* **Required work**: Your copy should match the listing word for word, apart from the pictures, which are left out.

* **Data shown**:
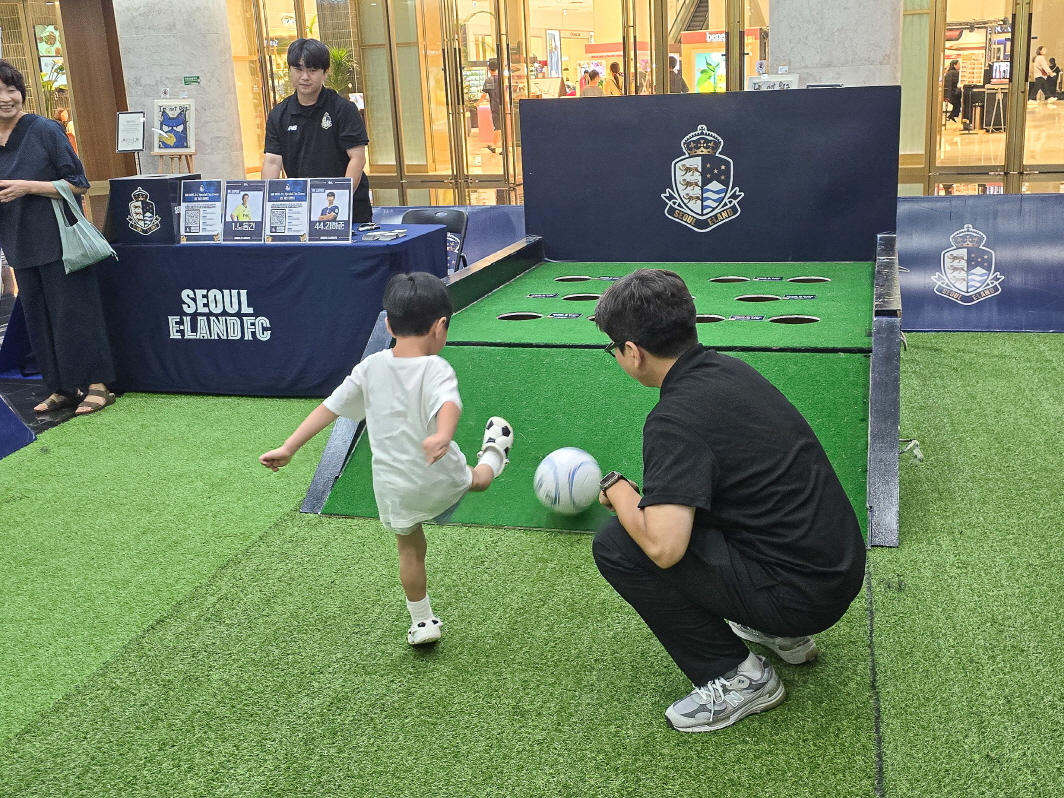 ‘팬사인회·축구 체험·전시까지’…서울 이랜드, ‘팬 프렌들리 클럽’ 입증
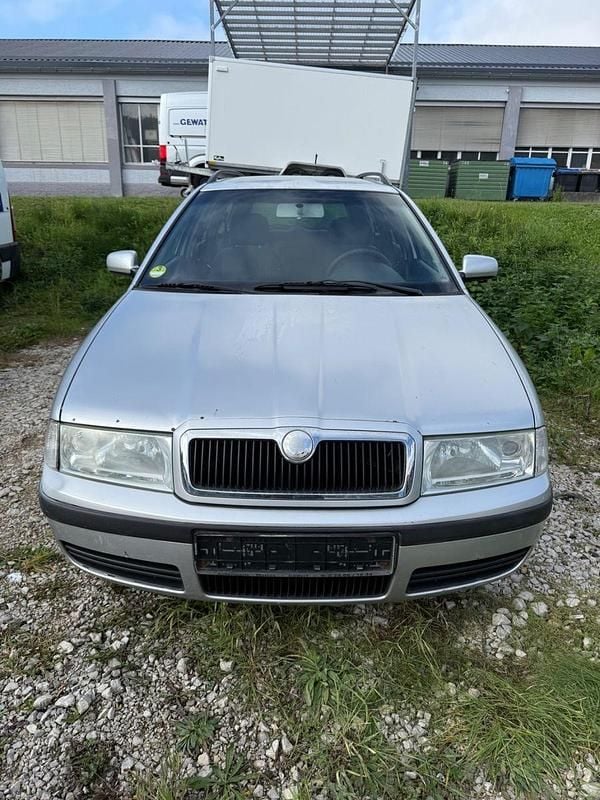 Gebraucht Skoda Octavia Elegance 110 PS (80 kW) 2003 Silber Kombi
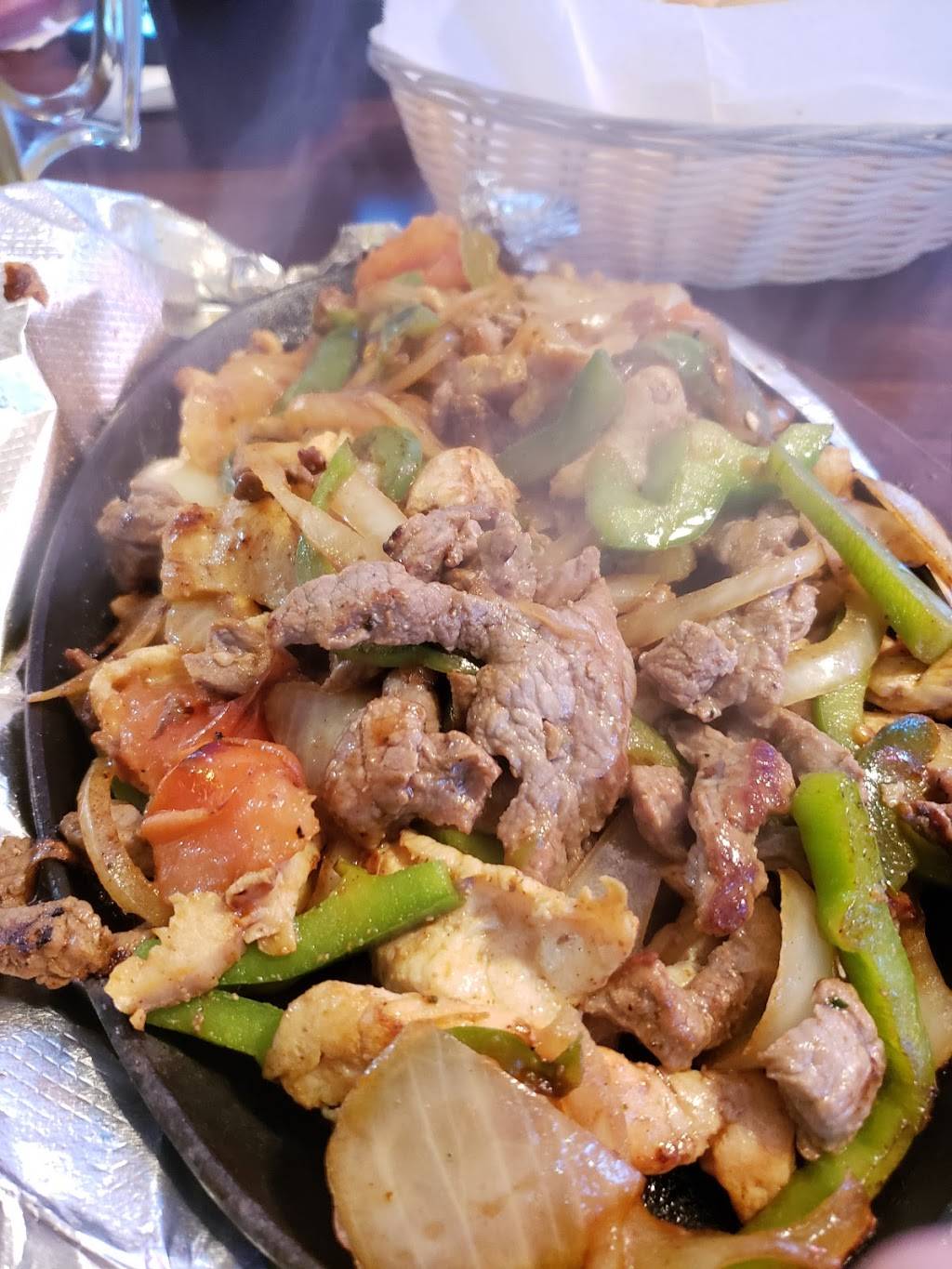 El Pedregal Mexican Restaurant | 44 E Columbus St, Lithopolis, OH 43136, USA | Phone: (614) 829-2394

* **Written answer**:
 ‘팬사인회·축구 체험·전시까지’…서울 이랜드, ‘팬 프렌들리 클럽’ 입증
 Gebraucht Skoda Octavia Elegance 110 PS (80 kW) 2003 Silber Kombi
 El Pedregal Mexican Restaurant | 44 E Columbus St, Lithopolis, OH 43136, USA | Phone: (614) 829-2394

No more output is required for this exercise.